George Gibson
- Birth name: George Ralph Gibson
- Date of birth: March 1878
- Place of birth: Gateshead, England
- Date of death: October 1939 (aged 60–61)
- Place of death: Newcastle-on-Tyne, England

Rugby union career
- Position(s): Forward

Amateur team(s)
- Years: Team / Apps / (Points)
- Northern Football Club /  / ()
- –: Barbarian F.C. /  / ()

International career
- Years: Team / Apps / (Points)
- 1899-1901: England / 2 / (0)
- 1899: British Isles / 4

= George Ralph Gibson =

British Lions & England international rugby union player

George Ralph Gibson (March 1878 – October 1939) was an English international rugby union forward who played club rugby for Northern. Gibson played international rugby for England and was selected to represent the British Isles on their 1899 tour of Australia. He was described by Matthew Mullineux, the British Isles captain, as a "capital worker".

==Biography==
He was born in Gateshead, Durham into a rugby playing family. He was the brother of internationals Charles and Thomas Alexander Gibson.

==Rugby career==
Gibson first came to note as a rugby player whilst a member of Northern Football Club; and in 1899 was selected to represent England in the Home Nations Championship. Gibson was brought into a fairly inexperienced pack to face Wales at St. Helen's. The game was a one-sided match, with Wales winning by 26-3; afterwards Gibson, along with the other Northern players in the pack, were described as "delinquents" by The Times. Gibson was not re-selected for any further games of the tournament.

Despite playing only the single game for England, he was offered a place on the British Isles team that was to tour Australia later in 1899. Although not fully representative of the best of British rugby players, the team included a few stand-out stars, including Welsh threequarter Gwyn Nicholls. Gibson played in all four Test matches against the Australian national team, which saw Britain recover after losing the First Test to take the series 3-1.

On his return to Britain, Gibson still had no position in the England team, but during the 1899-1900 season, he was invited to join the Barbarians. The Barbarians were an invitational touring team, who by 1900 had a tradition of touring South Wales. In 1900 Gibson was part of the team that beat Gwyn Nicholl's Cardiff 27-12, Gibson scoring a try during the game.
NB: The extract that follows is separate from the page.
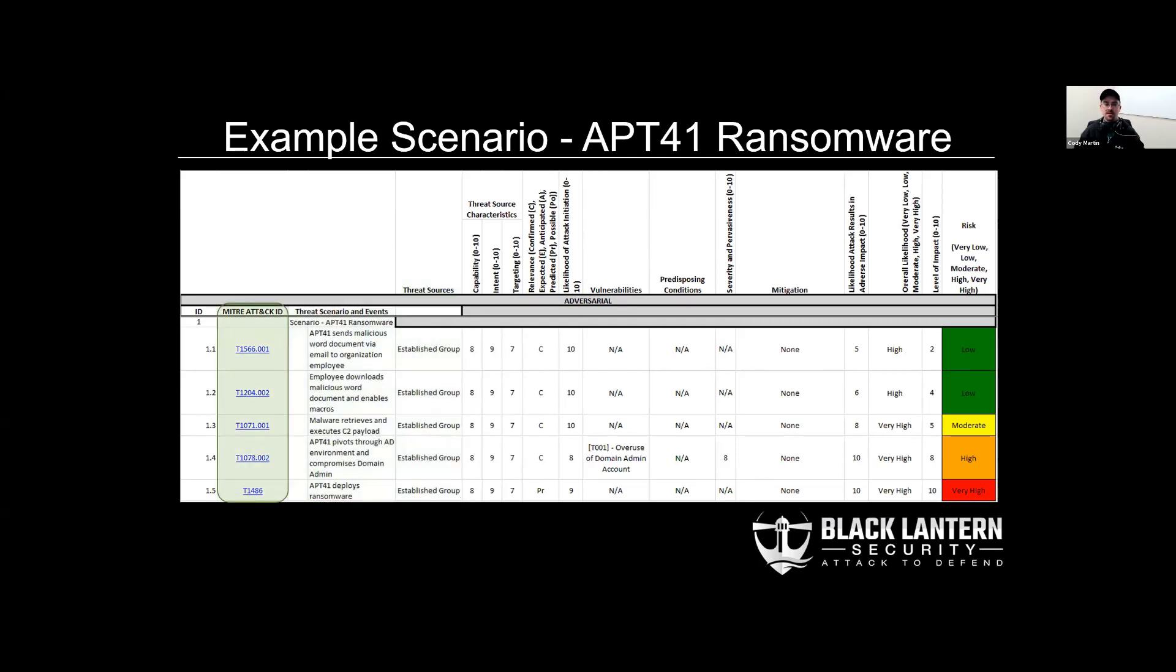We've also strayed a little bit from the NIST recommendations and included the MITRE ATT&CK IDs to this NIST template. You can see they're hyperlinked here, so when you click on those, it'll take you to the MITRE ATT&CK website for full details on what that technique is.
Gibson played one final international game when he was selected to play for England in the 1901 Home Nations Championship. England had already played two games of the series, both losses, and the selectors had responded to each defeat by making several changes to the squad. The lack of consistency failed to produce good results and Gibson's final game, against Scotland, also ended in English defeat.